A colleague of mine at BAFTA East Coast raved about this house to me and I told Ellie and off we went. And now I rave about it to you.

You can read about its history here so I won't go into to much of it, but I do want to say that looking into a dining room where George dined with John Adams (my fave!) , Thomas Jefferson, and John Quincy Adams. Alexander Hamilton and Henry Knox was electric. I could see the ghosts around the table like I was in the Haunted Mansion at Disneyland.

(Oh, and Madame Jumel married Aaron Burr after her husband died and after Aaron Burr had shot and killed Alexander Hamilton in a duel in Weehawken, New Jersey in 1804, which was of course after he dined here! To sum up, one man dined here who would eventually be killed by another man who would live here.)

On Saturdays at noon they have a guided tour which I recommend. Our tour guide, Noreen, was so personable and knowledgeable and lovely. We both fell in love with her and one man suggested she personally write the definitive book on the life of Madame Jumel and we agree.

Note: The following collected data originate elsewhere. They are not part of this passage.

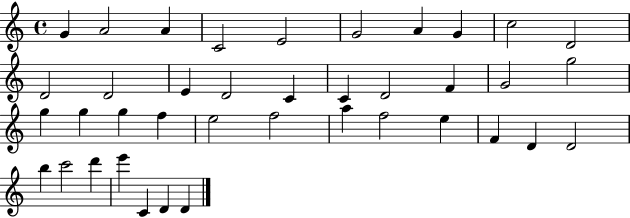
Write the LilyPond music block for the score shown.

{
  \clef treble
  \time 4/4
  \defaultTimeSignature
  \key c \major
  g'4 a'2 a'4 | c'2 e'2 | g'2 a'4 g'4 | c''2 d'2 | \break d'2 d'2 | e'4 d'2 c'4 | c'4 d'2 f'4 | g'2 g''2 | \break g''4 g''4 g''4 f''4 | e''2 f''2 | a''4 f''2 e''4 | f'4 d'4 d'2 | \break b''4 c'''2 d'''4 | e'''4 c'4 d'4 d'4 | \bar "|."
}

Noreen gets us going outside this Palladian structure.

A milestone at the mansion that says:

“11 miles from New York on the Kingsbridge Road, the City History Club, 1912.”

So far out of town was Washington Heights at the time that it was a summer home! As Noreen said, the area was the "Hamptons of its day."

Carol, the Dir of Education and Public Programs and Barbara, the gatekeeper are both so nice and helpful. They even directed us where to eat afterwards.


Across the street from the Morris-Jumel Mansion is Sylvan Terrace, a short block of wooden row houses built in 1882.

and at No. 16 Jumel Terrace is Paul Robeson's house.